DATA FOR THIS TASK
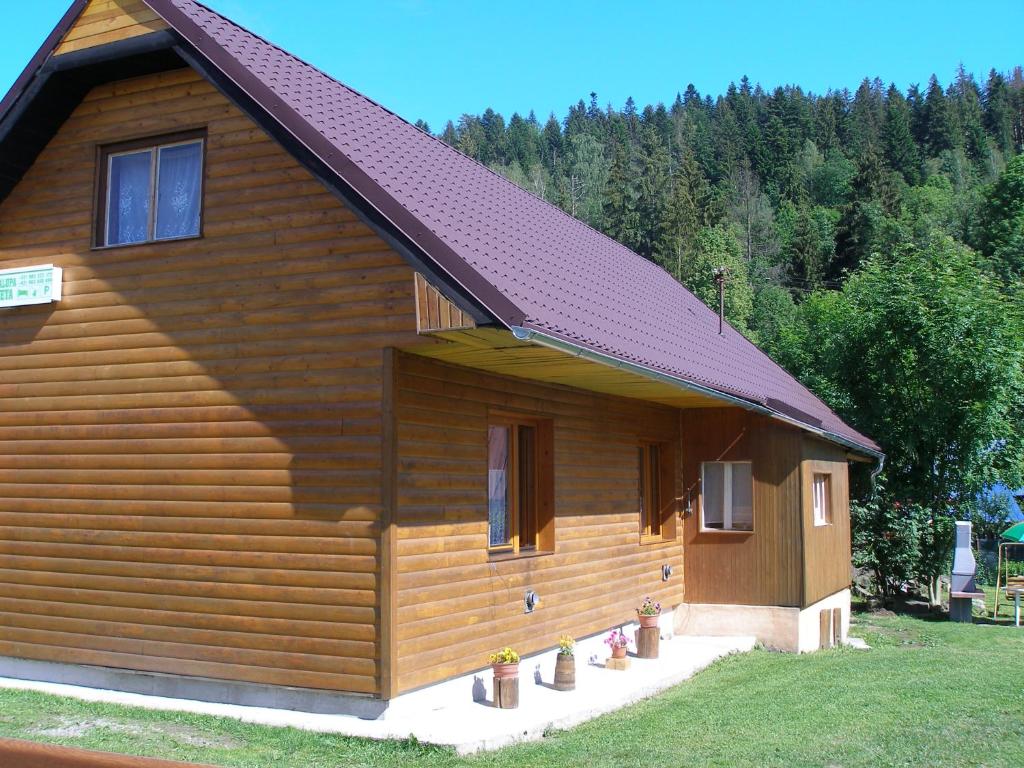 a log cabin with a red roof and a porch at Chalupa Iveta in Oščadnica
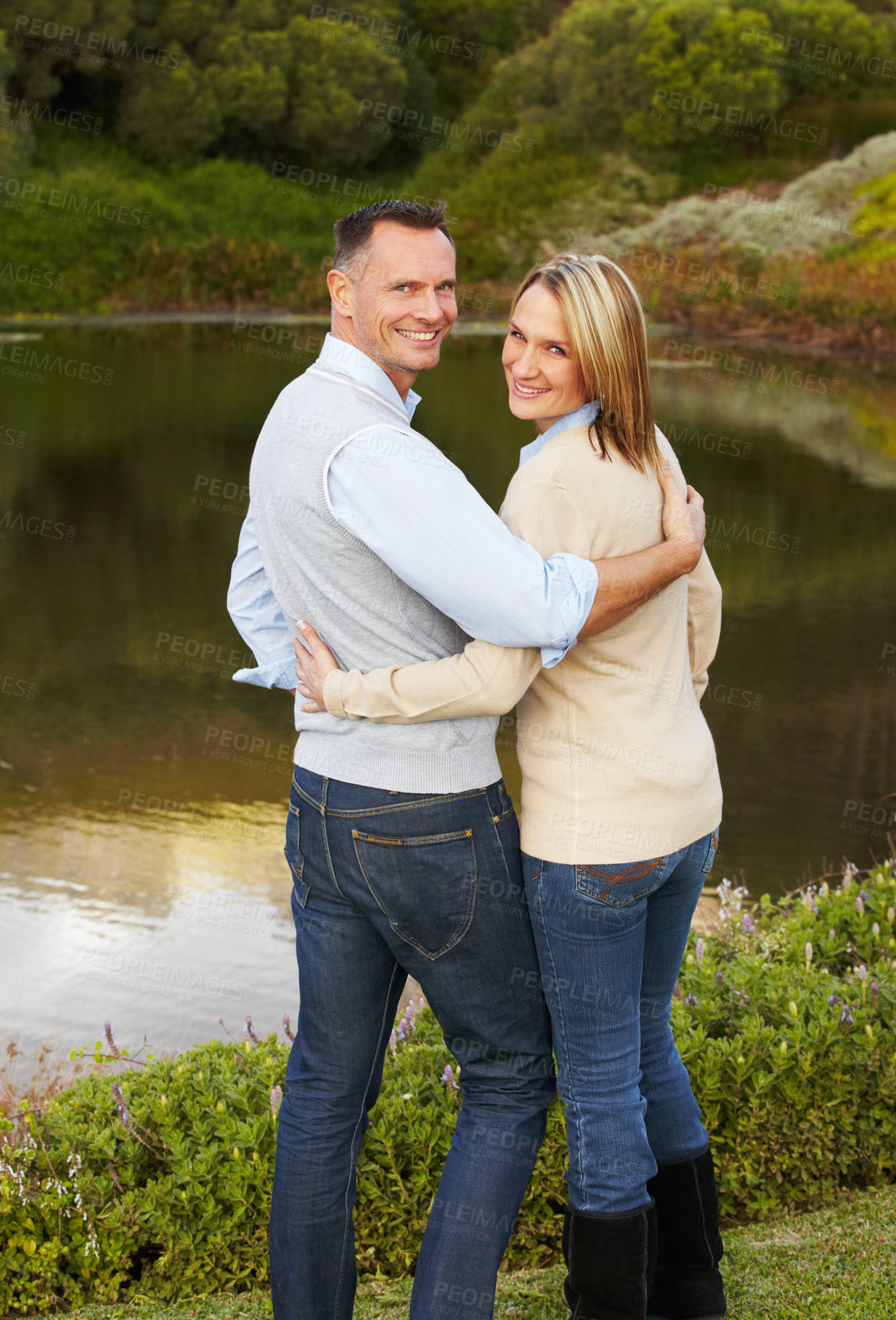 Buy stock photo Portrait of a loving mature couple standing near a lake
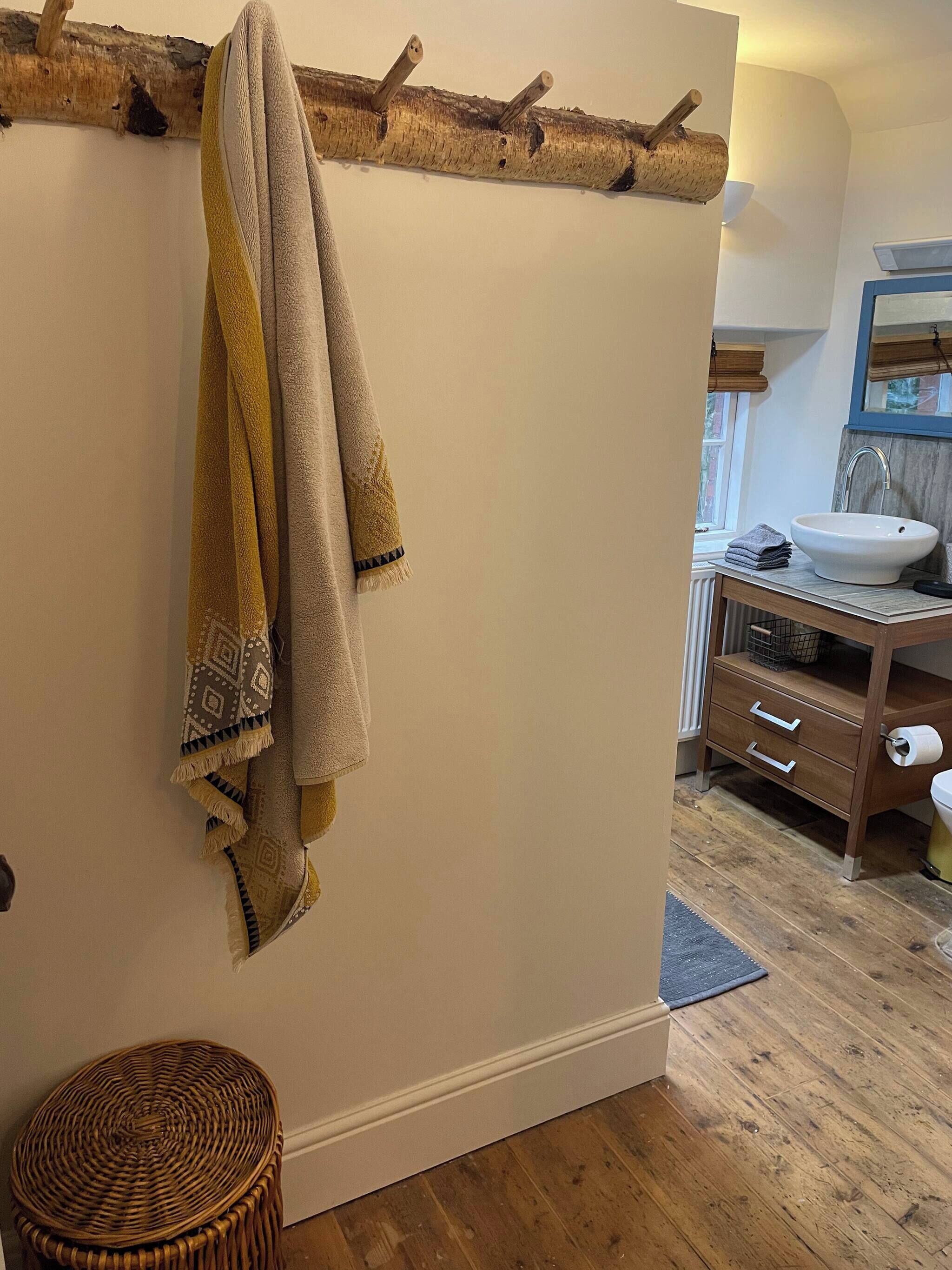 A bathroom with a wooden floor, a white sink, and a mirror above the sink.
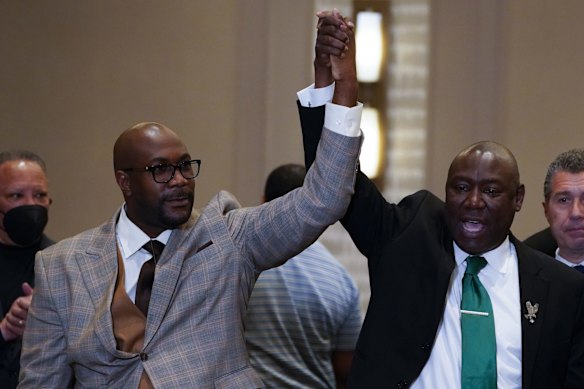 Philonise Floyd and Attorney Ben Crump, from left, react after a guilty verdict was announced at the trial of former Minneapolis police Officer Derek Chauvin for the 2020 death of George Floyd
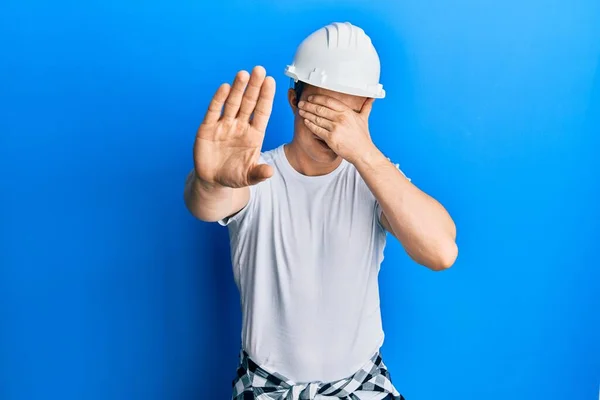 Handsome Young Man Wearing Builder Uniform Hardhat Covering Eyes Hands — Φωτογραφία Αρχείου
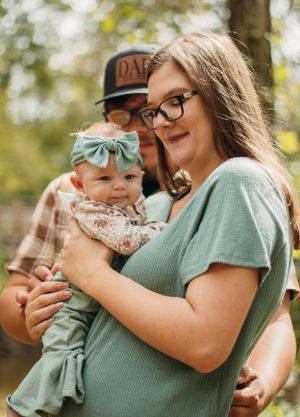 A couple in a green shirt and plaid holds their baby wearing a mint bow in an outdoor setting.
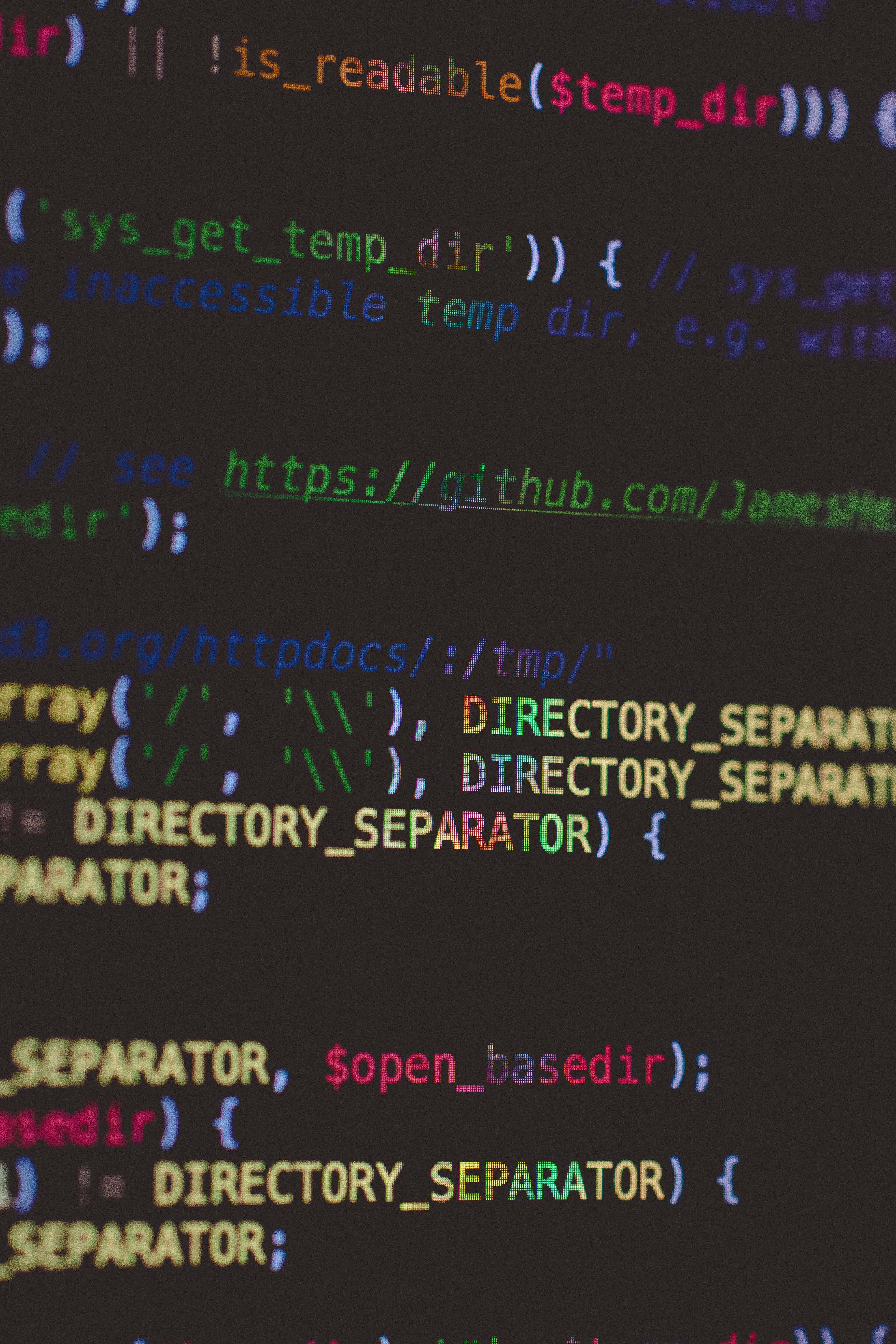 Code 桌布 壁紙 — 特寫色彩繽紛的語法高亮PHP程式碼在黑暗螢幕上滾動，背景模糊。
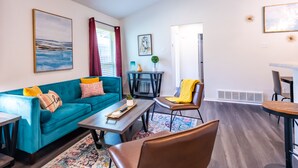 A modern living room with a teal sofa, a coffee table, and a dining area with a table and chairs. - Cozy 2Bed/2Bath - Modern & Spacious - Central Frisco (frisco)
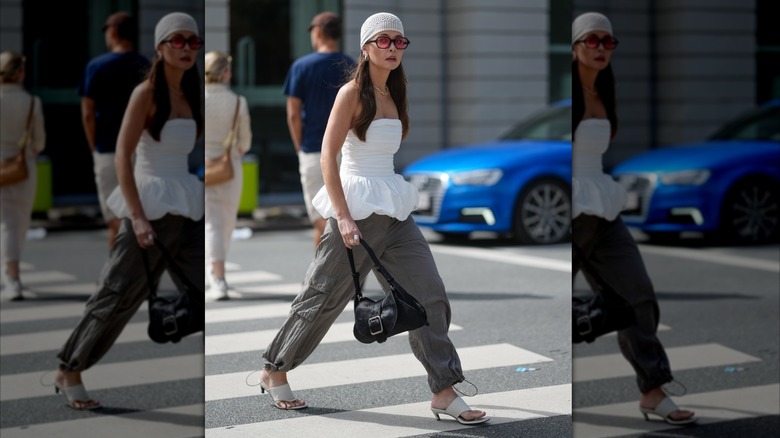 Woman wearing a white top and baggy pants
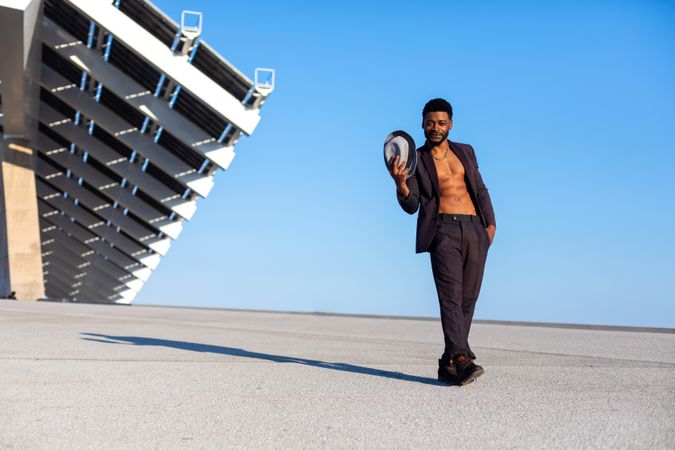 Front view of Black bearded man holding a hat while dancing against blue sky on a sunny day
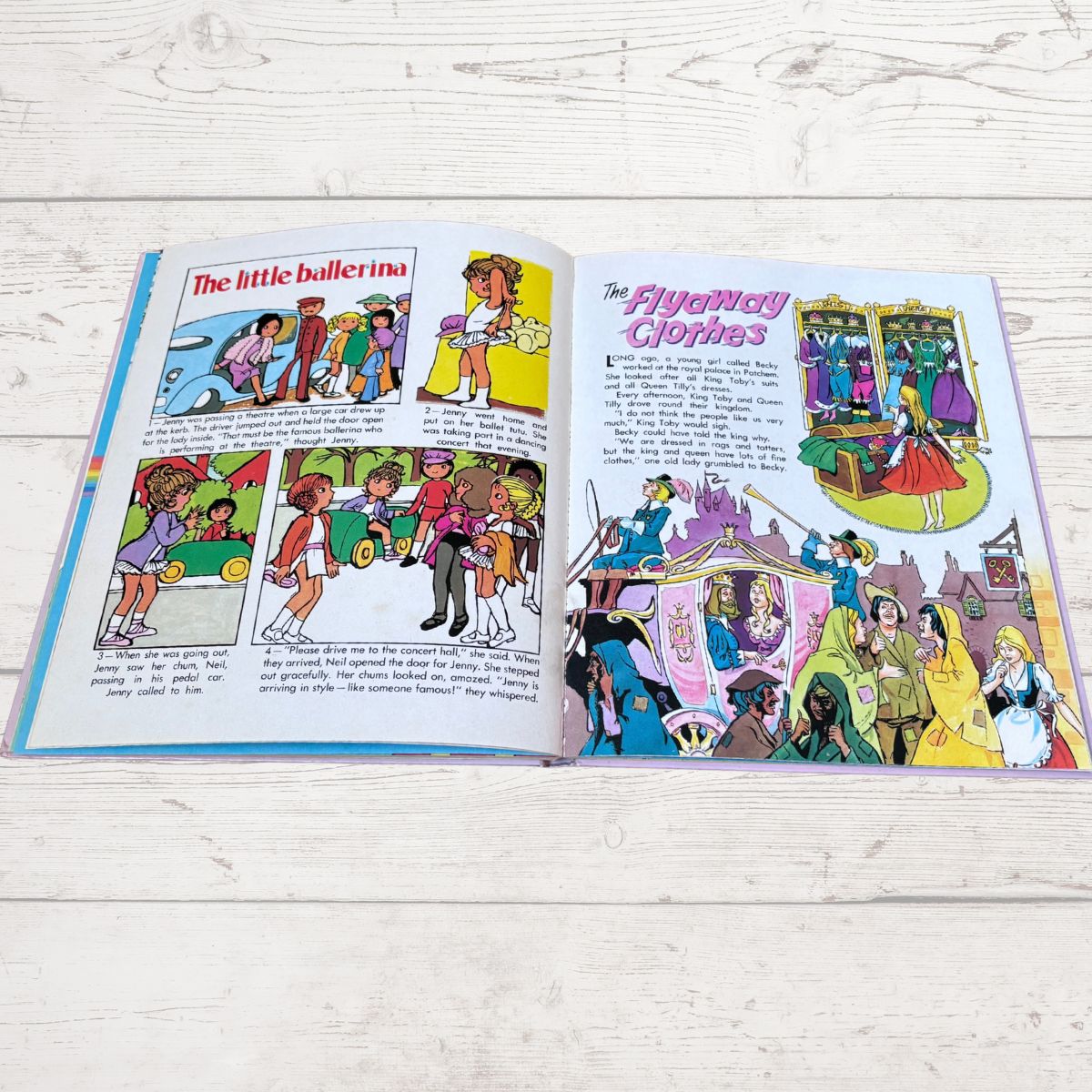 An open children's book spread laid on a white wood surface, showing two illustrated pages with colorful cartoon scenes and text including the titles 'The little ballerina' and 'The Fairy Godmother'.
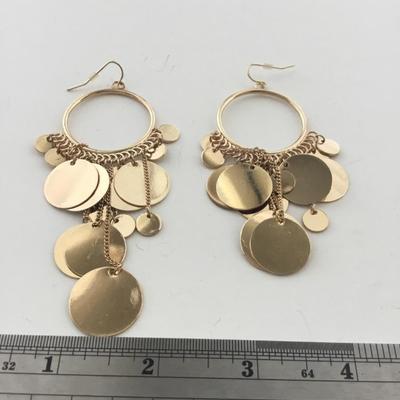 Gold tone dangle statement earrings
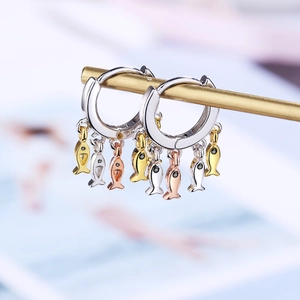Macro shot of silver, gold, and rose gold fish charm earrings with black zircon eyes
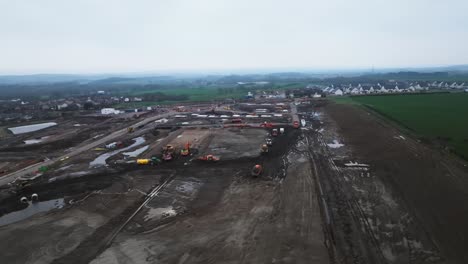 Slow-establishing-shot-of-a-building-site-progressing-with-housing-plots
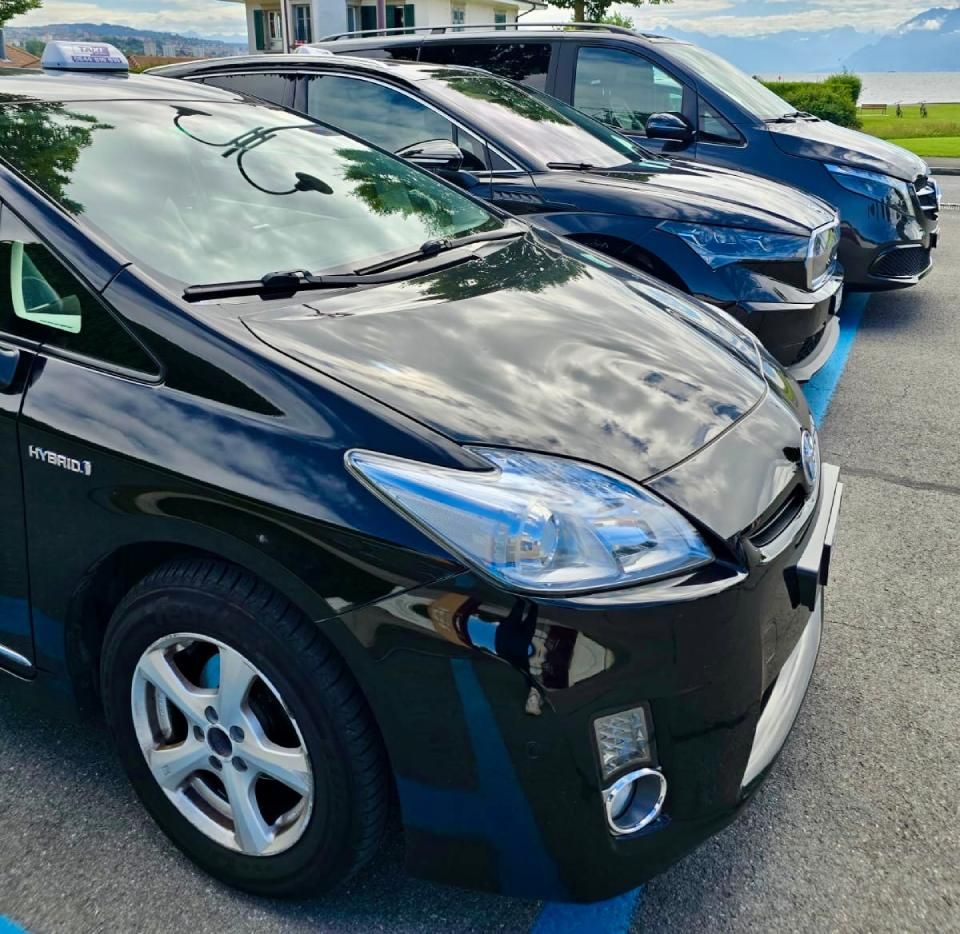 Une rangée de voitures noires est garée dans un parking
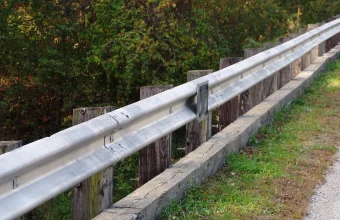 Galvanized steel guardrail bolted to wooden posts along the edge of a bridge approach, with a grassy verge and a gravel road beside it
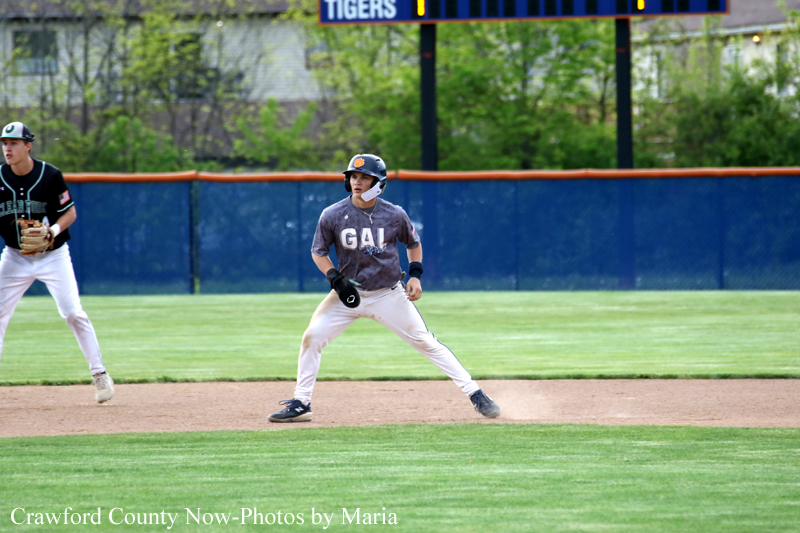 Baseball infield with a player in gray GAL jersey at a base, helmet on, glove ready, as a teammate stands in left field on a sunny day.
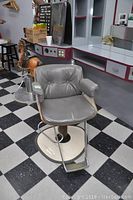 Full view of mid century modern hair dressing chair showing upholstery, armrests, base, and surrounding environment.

REQUIREMENT
Output the data above exactly. Drop every picture.

REPLY
 a log cabin with a red roof and a porch at Chalupa Iveta in Oščadnica
 Buy stock photo Portrait of a loving mature couple standing near a lake
 A bathroom with a wooden floor, a white sink, and a mirror above the sink.
 Philonise Floyd and Attorney Ben Crump, from left, react after a guilty verdict was announced at the trial of former Minneapolis police Officer Derek Chauvin for the 2020 death of George Floyd
 Handsome Young Man Wearing Builder Uniform Hardhat Covering Eyes Hands — Φωτογραφία Αρχείου
 A couple in a green shirt and plaid holds their baby wearing a mint bow in an outdoor setting.
 Code 桌布 壁紙 — 特寫色彩繽紛的語法高亮PHP程式碼在黑暗螢幕上滾動，背景模糊。
 A modern living room with a teal sofa, a coffee table, and a dining area with a table and chairs. - Cozy 2Bed/2Bath - Modern & Spacious - Central Frisco (frisco)
 Woman wearing a white top and baggy pants
 Front view of Black bearded man holding a hat while dancing against blue sky on a sunny day
 An open children's book spread laid on a white wood surface, showing two illustrated pages with colorful cartoon scenes and text including the titles 'The little ballerina' and 'The Fairy Godmother'.
 Gold tone dangle statement earrings
Macro shot of silver, gold, and rose gold fish charm earrings with black zircon eyes
 Slow-establishing-shot-of-a-building-site-progressing-with-housing-plots
 Une rangée de voitures noires est garée dans un parking
 Galvanized steel guardrail bolted to wooden posts along the edge of a bridge approach, with a grassy verge and a gravel road beside it
 Baseball infield with a player in gray GAL jersey at a base, helmet on, glove ready, as a teammate stands in left field on a sunny day.
 Full view of mid century modern hair dressing chair showing upholstery, armrests, base, and surrounding environment.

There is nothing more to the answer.